### ASSIGNMENT
Return exactly the lines below, starting with the one that has "сатива Верея" and going on through the one that has "брава (предна дясна) 5TB837016 Skoda Rapid".

Extracted records:
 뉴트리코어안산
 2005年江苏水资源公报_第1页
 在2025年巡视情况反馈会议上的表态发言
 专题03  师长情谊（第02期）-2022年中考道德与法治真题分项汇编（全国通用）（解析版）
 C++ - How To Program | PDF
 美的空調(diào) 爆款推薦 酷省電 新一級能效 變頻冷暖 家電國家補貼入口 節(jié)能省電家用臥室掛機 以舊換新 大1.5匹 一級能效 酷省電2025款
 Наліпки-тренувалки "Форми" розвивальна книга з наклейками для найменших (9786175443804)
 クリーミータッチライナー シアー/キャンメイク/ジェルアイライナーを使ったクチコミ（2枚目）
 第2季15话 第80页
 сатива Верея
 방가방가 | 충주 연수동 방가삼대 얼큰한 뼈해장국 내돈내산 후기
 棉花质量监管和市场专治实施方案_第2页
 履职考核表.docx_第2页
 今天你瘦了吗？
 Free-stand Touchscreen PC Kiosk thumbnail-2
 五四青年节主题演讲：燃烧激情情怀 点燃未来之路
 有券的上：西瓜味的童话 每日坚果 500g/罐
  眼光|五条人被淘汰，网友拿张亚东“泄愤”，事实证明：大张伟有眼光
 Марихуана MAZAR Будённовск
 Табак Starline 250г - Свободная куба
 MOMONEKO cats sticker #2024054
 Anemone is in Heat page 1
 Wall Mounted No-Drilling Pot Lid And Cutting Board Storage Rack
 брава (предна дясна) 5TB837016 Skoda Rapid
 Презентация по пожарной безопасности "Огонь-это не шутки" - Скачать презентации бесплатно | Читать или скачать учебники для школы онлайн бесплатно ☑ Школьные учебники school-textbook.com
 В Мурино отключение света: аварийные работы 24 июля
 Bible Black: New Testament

### OUTPUT FOR THIS TASK
 сатива Верея
 방가방가 | 충주 연수동 방가삼대 얼큰한 뼈해장국 내돈내산 후기
 棉花质量监管和市场专治实施方案_第2页
 履职考核表.docx_第2页
 今天你瘦了吗？
 Free-stand Touchscreen PC Kiosk thumbnail-2
 五四青年节主题演讲：燃烧激情情怀 点燃未来之路
 有券的上：西瓜味的童话 每日坚果 500g/罐
  眼光|五条人被淘汰，网友拿张亚东“泄愤”，事实证明：大张伟有眼光
 Марихуана MAZAR Будённовск
 Табак Starline 250г - Свободная куба
 MOMONEKO cats sticker #2024054
 Anemone is in Heat page 1
 Wall Mounted No-Drilling Pot Lid And Cutting Board Storage Rack
 брава (предна дясна) 5TB837016 Skoda Rapid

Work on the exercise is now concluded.